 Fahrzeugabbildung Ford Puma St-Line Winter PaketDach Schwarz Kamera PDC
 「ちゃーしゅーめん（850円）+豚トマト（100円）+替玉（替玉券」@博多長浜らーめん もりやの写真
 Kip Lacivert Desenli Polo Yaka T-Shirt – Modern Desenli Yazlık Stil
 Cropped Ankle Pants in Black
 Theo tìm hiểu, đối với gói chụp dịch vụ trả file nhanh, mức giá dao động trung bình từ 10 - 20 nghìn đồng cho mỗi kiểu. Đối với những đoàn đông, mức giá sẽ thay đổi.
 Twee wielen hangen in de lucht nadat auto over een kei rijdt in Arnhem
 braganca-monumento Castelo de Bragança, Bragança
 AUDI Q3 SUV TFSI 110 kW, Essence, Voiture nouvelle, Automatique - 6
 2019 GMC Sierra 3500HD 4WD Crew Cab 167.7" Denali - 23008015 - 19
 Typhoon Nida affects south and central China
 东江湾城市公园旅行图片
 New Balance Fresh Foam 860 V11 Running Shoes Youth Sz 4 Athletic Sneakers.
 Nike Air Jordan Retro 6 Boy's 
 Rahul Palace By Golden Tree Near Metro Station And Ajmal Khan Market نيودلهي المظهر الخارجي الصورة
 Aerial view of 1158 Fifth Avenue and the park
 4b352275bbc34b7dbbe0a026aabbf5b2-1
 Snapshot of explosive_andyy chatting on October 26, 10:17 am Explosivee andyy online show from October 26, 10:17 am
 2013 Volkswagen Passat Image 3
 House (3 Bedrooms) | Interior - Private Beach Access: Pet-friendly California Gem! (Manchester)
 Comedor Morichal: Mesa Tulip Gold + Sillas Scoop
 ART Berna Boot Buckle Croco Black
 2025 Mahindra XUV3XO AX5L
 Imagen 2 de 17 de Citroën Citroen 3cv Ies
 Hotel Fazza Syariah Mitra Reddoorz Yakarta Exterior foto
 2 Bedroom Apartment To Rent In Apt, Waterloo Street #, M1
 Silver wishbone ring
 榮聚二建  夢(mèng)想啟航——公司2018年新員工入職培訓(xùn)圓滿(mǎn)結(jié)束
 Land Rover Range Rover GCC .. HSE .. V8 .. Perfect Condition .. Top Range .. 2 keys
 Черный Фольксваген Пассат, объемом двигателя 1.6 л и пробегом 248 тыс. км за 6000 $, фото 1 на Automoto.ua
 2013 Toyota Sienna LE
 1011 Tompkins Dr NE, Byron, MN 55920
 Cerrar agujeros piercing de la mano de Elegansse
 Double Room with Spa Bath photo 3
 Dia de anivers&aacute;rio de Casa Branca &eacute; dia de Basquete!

■ **Task directions**: Please print, exactly and with nothing else, the lines from the first line of the entries through the line containing "Theo tìm hiểu, đối".

■ **Response**:
 Fahrzeugabbildung Ford Puma St-Line Winter PaketDach Schwarz Kamera PDC
 「ちゃーしゅーめん（850円）+豚トマト（100円）+替玉（替玉券」@博多長浜らーめん もりやの写真
 Kip Lacivert Desenli Polo Yaka T-Shirt – Modern Desenli Yazlık Stil
 Cropped Ankle Pants in Black
 Theo tìm hiểu, đối với gói chụp dịch vụ trả file nhanh, mức giá dao động trung bình từ 10 - 20 nghìn đồng cho mỗi kiểu. Đối với những đoàn đông, mức giá sẽ thay đổi.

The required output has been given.